Zespół The Band Of Endless Noise okrzyknięto dumą Raciborza, a ich trzeci album jednym z tych, które nie mają słabego momentu. "The Blue Nun. Psychedelic Soap Opera" trafiła na listę najlepszych albumów 2012 roku.
We Are From Poland to jeden z nielicznych, ogólnopolskich portali muzycznych, poświęconych polskiej muzyce alternatywnej. Na początku każdego roku portal podsumowuje rok poprzedni. W tegorocznym rankingu dość wysoko znalazł się album "The Blue Nun. Psychedelic Soap Opera" grupy The Band Of Endless Noise z Raciborza.
– Przewidzieliśmy, że ta płyta będzie w czołówce naszego podsumowania – i jest. O takich piosenkach się nie zapomina, zwłaszcza gdy zespół potwierdzi swoją dyspozycję na koncertach. W długich kompozycjach raciborzan jest wciągająca tajemnica, suspens i wkręcające się w głowę melodie. W idealnych proporcjach – czytamy na portalu WAFP. Portal bardzo pochlebnie o płycie The Band Of Endless Noise wyraził się już w ubiegłym roku. Po takiej recenzji muzycy The Band Of Endless Noise mogli spodziewać się dość wysokiego miejsca w rankingu. – Jeszcze bardziej stylowi niż kiedykolwiek wcześniej, jeszcze bardziej awangardowi i z ogromnym potencjałem piosenkowym. Choć ich utwory trwają często ponad sześć minut. To jest jedna z tych płyt, o których mówi się, że nie mają słabego momentu – czytamy na stronie WAFP (czytaj całą recenzję).
Przypomnijmy, trzecia płyta zespołu The Band Of Endless Noise ukazała się 9 stycznia 2012 r. Jej koncertowa premiera miała miejsce 8 listopada w katowickim klubie Jazz Club Hipnoza podczas festiwalu Ars Cameralis.

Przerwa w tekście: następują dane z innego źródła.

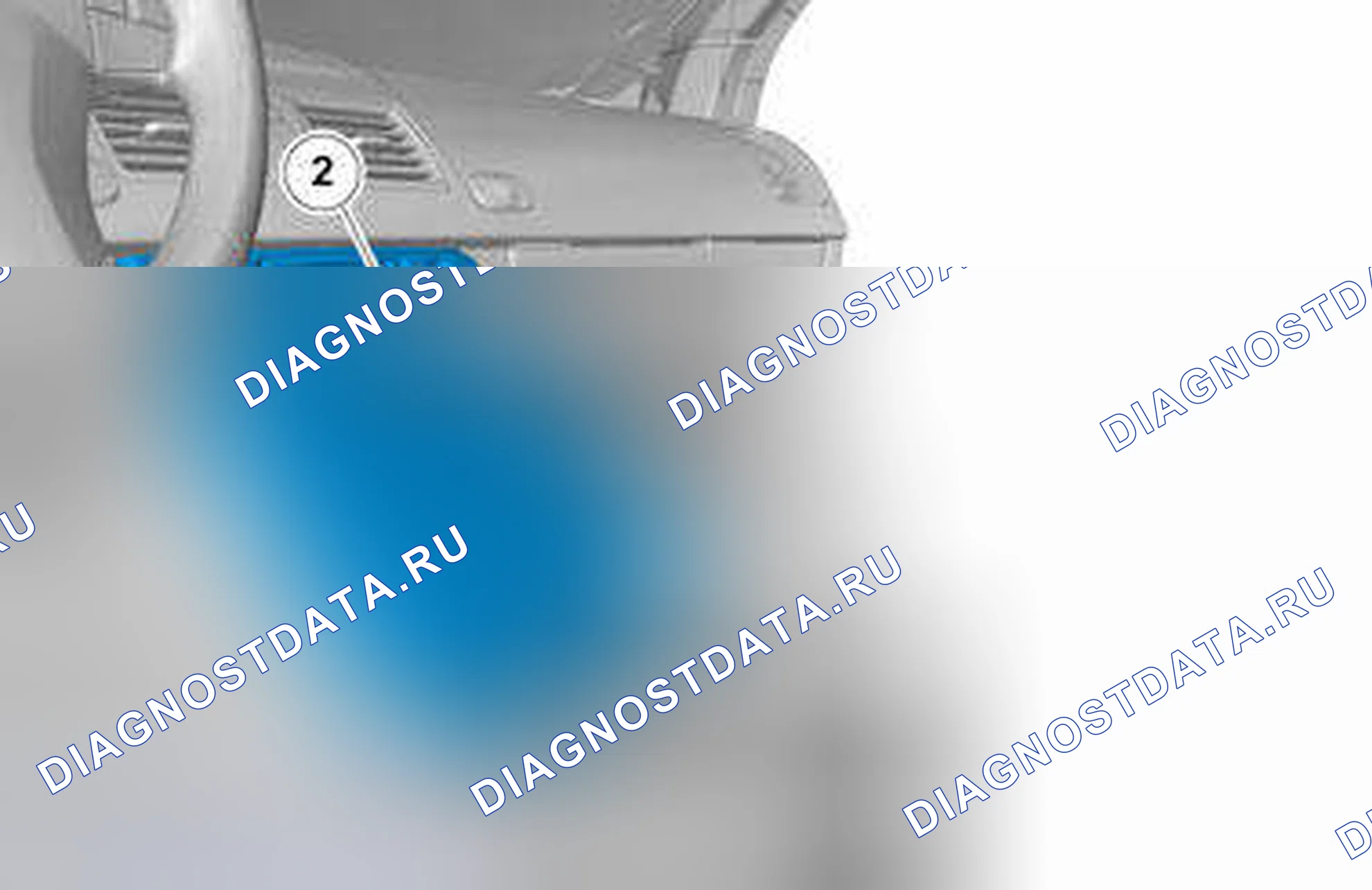 Рис. 280. Volvo XC90 I рестайлинг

Raciborski zespół The Band of Endless Noise zaprezentował wówczas repertuar z nowej płyty jako support legendarnej grupy Faust.
/p/
Interesuje mnie rola radia lokalnego.
Czy słyszał tam ktoś płyty/piosenki raciborskich kapel, muzyków, wokalistów?
Bądsźmy szczerzy, ta muza nie nadaje sie do radia… fajne, ale nie o to chodzi ze by miedzy doda a gośią andrzejewicz leciało 😉
teraz to w radiach (i to wszystkich) puszczają tych co płacą i to jest koniec. A tera ide se zjesć bigos bo mi mama zrobiła dzisiaj ale nie zjadłem se bo siedziałem na fejsie i lajkowałem posty ziomów i typiarek z dzili i ogólnie to luzowałem.